0
votes

I have a dataframe and a function to get random dates..

from datetime import time
import pandas as pd

def dates(start_date, end_date):
    start_date = date(start_date[0], start_date[1], start_date[2])
    end_date = date(end_date[0], end_date[1], end_date[2])
    
    days_delta = (end_date - start_date).days
    
    return start_date + timedelta(days=random.randrange(days_delta))


df = pd.Dataframe(index=range(100))

df['MOVE_OUT_DATE'] = date(9999, 12, 31)
df['MOVE_IN_DATE'] = [dates((2021, 1, 1), (2021, 6, 30)) for _ in range(df.shape[0])]
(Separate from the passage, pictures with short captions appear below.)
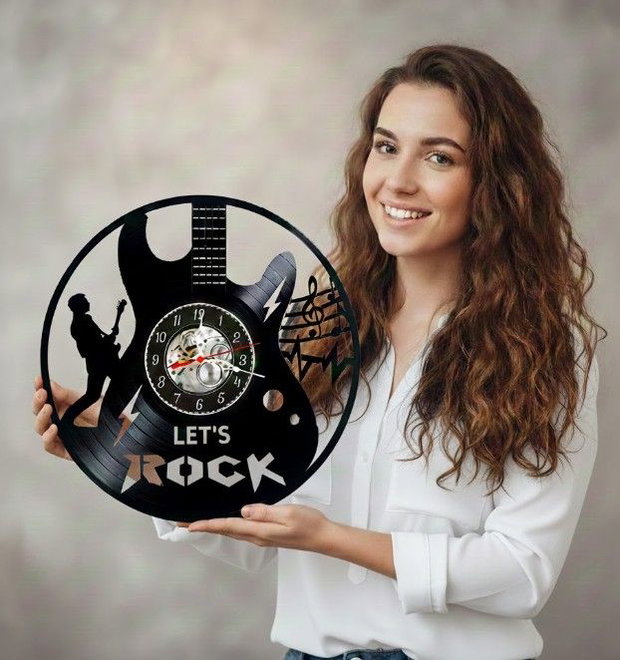 Ceas de Perete din Disc de Vinil, Decorativ, Tema Rock Chitara, Negru, Mecanism Silentios 30x30 cm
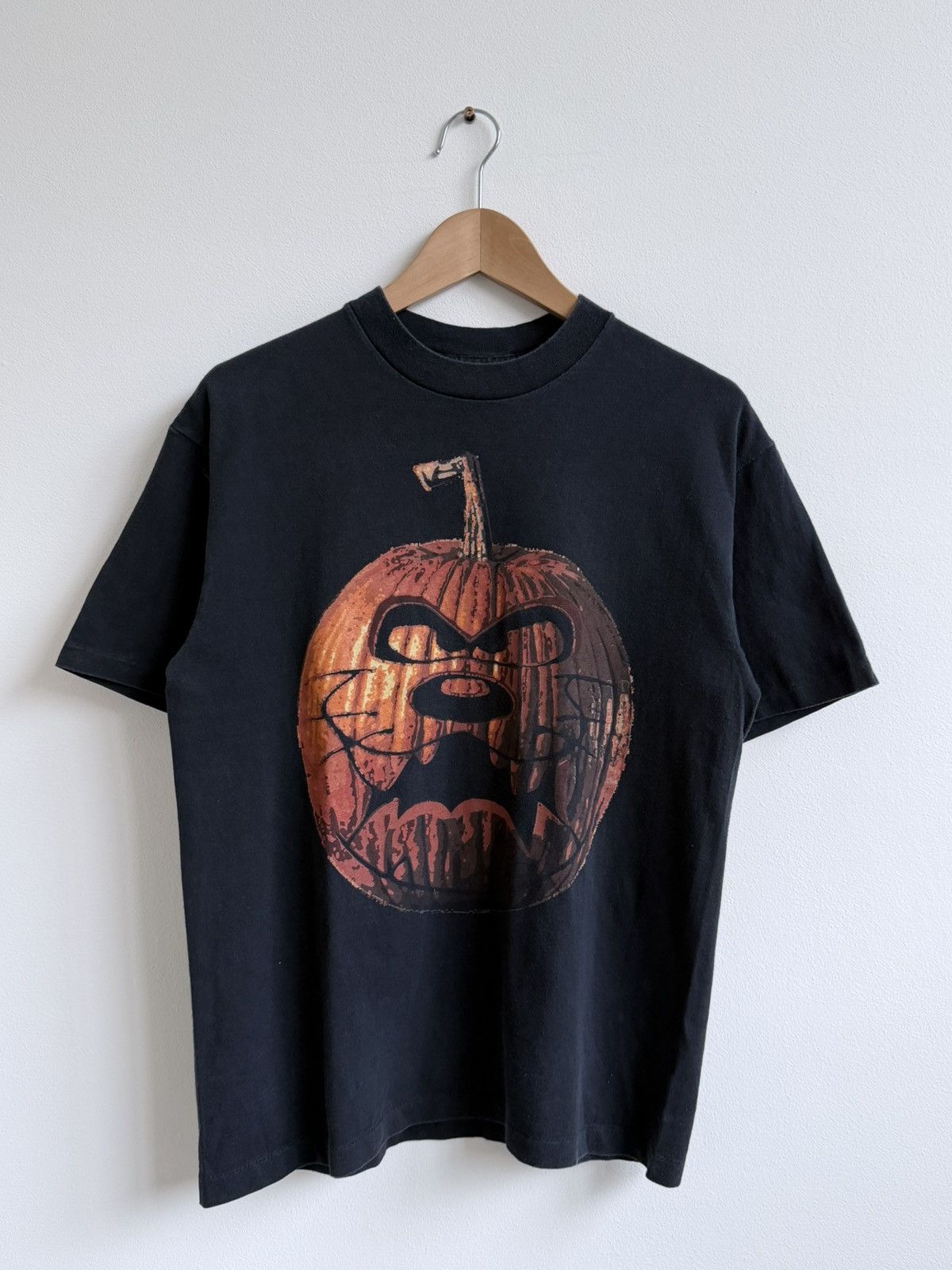 Cartoon Network Vintage 90s Taz Looney Tunes Pumpkin Halloween T-shirt Tee Size US M / EU 48-50 / 2 - 1 Thumbnail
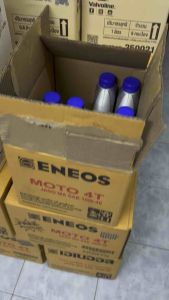 น้ำมันเครื่องกึ่งสังเคราะห์ เอเนออส ENEOS MOTO 4T 10W-40 สำหรับมอเตอร์ไซค์ ขนาด 0.8 ลิตร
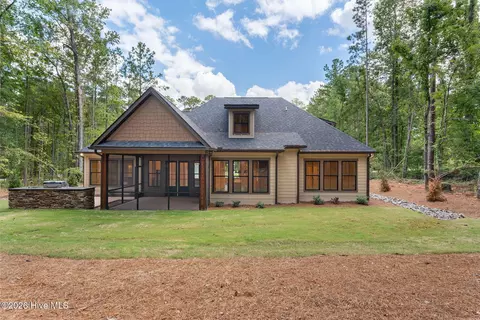 Exterior - 112 Crescent Dr, Mccormick, SC 29835 photo 6 of 7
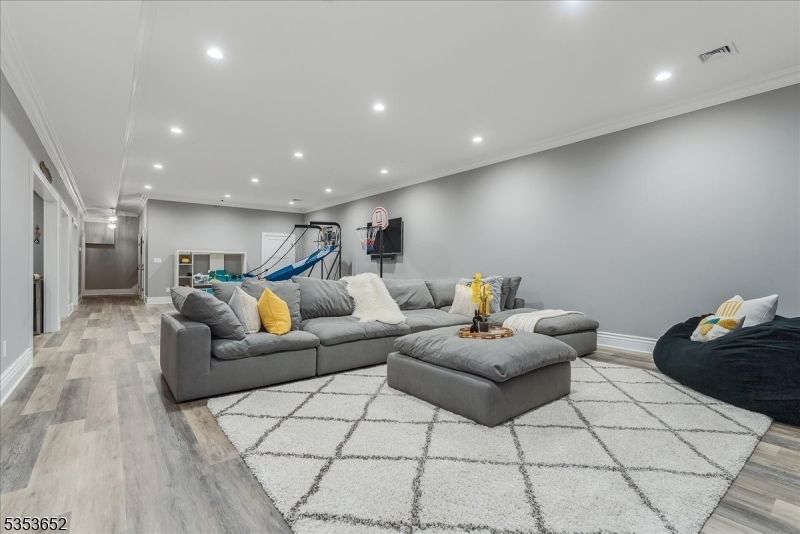 Interior, Living room, Recessed Lighting, Wood Texture Flooring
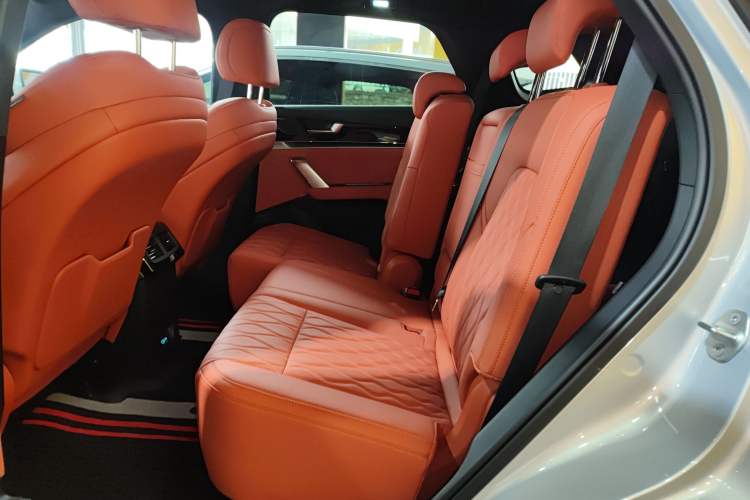 Used BYD Tang New Energy 2025 Model Smart Drive Version DM-i 175KM Prestige Version Left Rear Seat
To get the difference in days I do this,

df['days_diff] = df['MOVE_OUT_DATE'] - df['MOVE_IN_DATE']

and this works fine in VS Code. But it throws a "Python int too large to convert to C long" in Databricks. A screenshot of error is attached below, enter image description here

Any help or suggestion is appreciated. Thank you.

1
please provide a reproducible example, your current code is not giving a DataFrame - mozway

1 Answers

0
votes

I was able to get everything to work and I believe it is what you are trying to accomplish with your code

df = pd.DataFrame(pd.date_range('2021-01-01', '2021-06-01', freq = 'D'), columns = ['START_DATE'])
df['MOVE_OUT_DATE'] = '2260-12-31'
df['START_DATE'] = pd.to_datetime(df['START_DATE'])
df['MOVE_OUT_DATE'] = pd.to_datetime(df['MOVE_OUT_DATE'])
df['DAYS_DIFF'] = df['MOVE_OUT_DATE'] - df['START_DATE']
df

However, if you notice the 'MOVE_OUT_DATE' is only set to 2060 as anything long than that produced an error as the being to long. Could you take this and generate the results you want (if you converted it into a function)?